+++ Task material +++
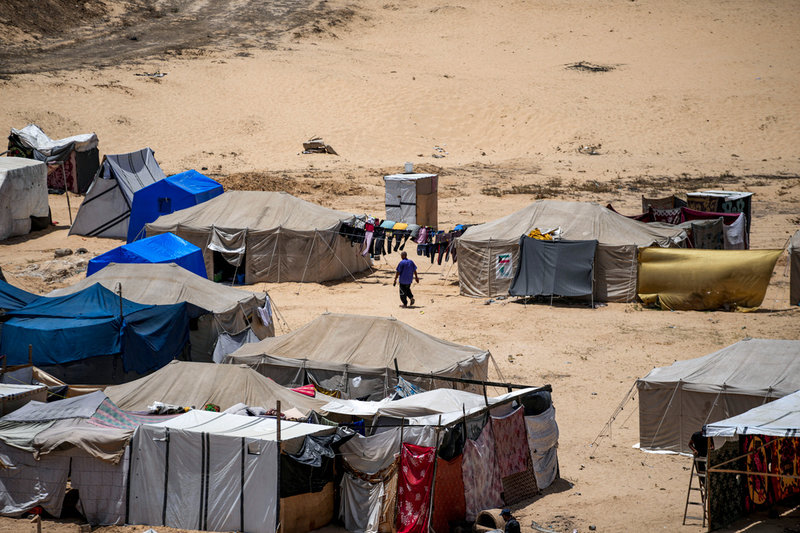 En man går genom ett provisoriskt tältläger nära Khan Yunis i södra Gaza den 4 juli.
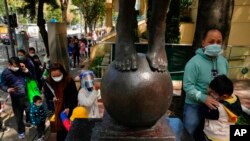 Children accompanied by their parents line up to receive China's Sinovac COVID-19 coronavirus vaccine at a community vaccination center in Hong Kong, Feb. 25, 2022. 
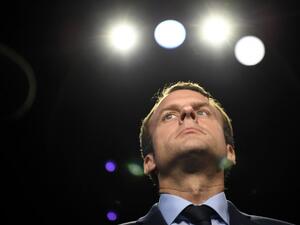In this file photograph taken on April 4, 2017, then French presidential election candidate for the En Marche ! movement Emmanuel Macron looks on prior to a debate organised by the French private TV channels BFM TV and CNews, between the eleven candidates for the French presidential election, on April 4, 2017 in La Plaine-Saint-Denis near Paris. Simultaneously battling the twin crises of the second wave of the coronavirus pandemic and a resurgence in Islamist attacks, French President Emmanuel Macron faces 
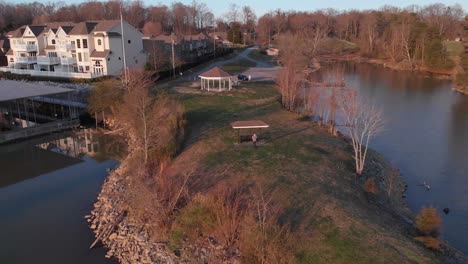 Imágenes-Aéreas-De-Drones-Volando-Desde-Un-Punto-De-Tierra-Sobre-Un-Lago-Con-Bonitas-Casas-Y-Muelles-Para-Barcos-Al-Atardecer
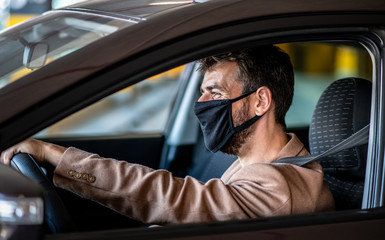A young man parks a car with a mask on his face, living during a pandemic caused by a virus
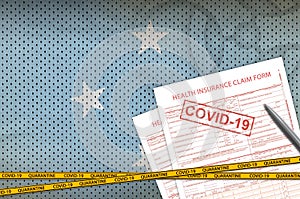 Micronesia flag and Health insurance claim form with covid-19 stamp. Coronavirus or 2019-nCov virus concept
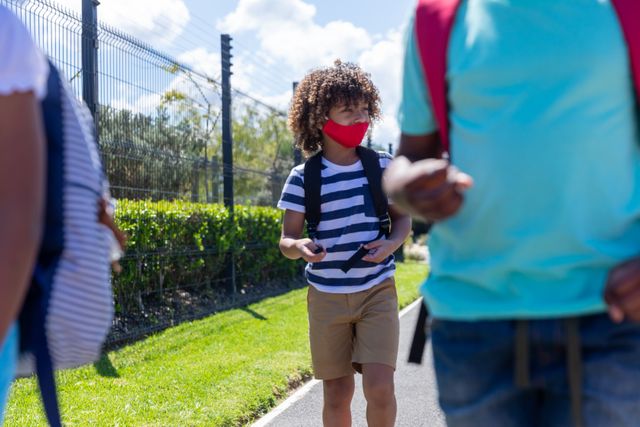 African American boy wearing a face mask and backpack walking on a footpath. Ideal for use in educational materials, health and safety campaigns, and articles about school life during the coronavirus pandemic.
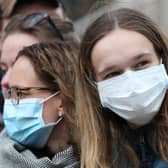 Spectators wearing masks to protect against coronavirus in London.  Photo credit: Jonathan Brady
+++
* **What the task asks**
Excluding all pictures, reproduce the records exactly as they appear above.

* **Written solution**
 En man går genom ett provisoriskt tältläger nära Khan Yunis i södra Gaza den 4 juli.
 Children accompanied by their parents line up to receive China's Sinovac COVID-19 coronavirus vaccine at a community vaccination center in Hong Kong, Feb. 25, 2022. 
In this file photograph taken on April 4, 2017, then French presidential election candidate for the En Marche ! movement Emmanuel Macron looks on prior to a debate organised by the French private TV channels BFM TV and CNews, between the eleven candidates for the French presidential election, on April 4, 2017 in La Plaine-Saint-Denis near Paris. Simultaneously battling the twin crises of the second wave of the coronavirus pandemic and a resurgence in Islamist attacks, French President Emmanuel Macron faces 
 Imágenes-Aéreas-De-Drones-Volando-Desde-Un-Punto-De-Tierra-Sobre-Un-Lago-Con-Bonitas-Casas-Y-Muelles-Para-Barcos-Al-Atardecer
A young man parks a car with a mask on his face, living during a pandemic caused by a virus
 Micronesia flag and Health insurance claim form with covid-19 stamp. Coronavirus or 2019-nCov virus concept
 African American boy wearing a face mask and backpack walking on a footpath. Ideal for use in educational materials, health and safety campaigns, and articles about school life during the coronavirus pandemic.
 Spectators wearing masks to protect against coronavirus in London.  Photo credit: Jonathan Brady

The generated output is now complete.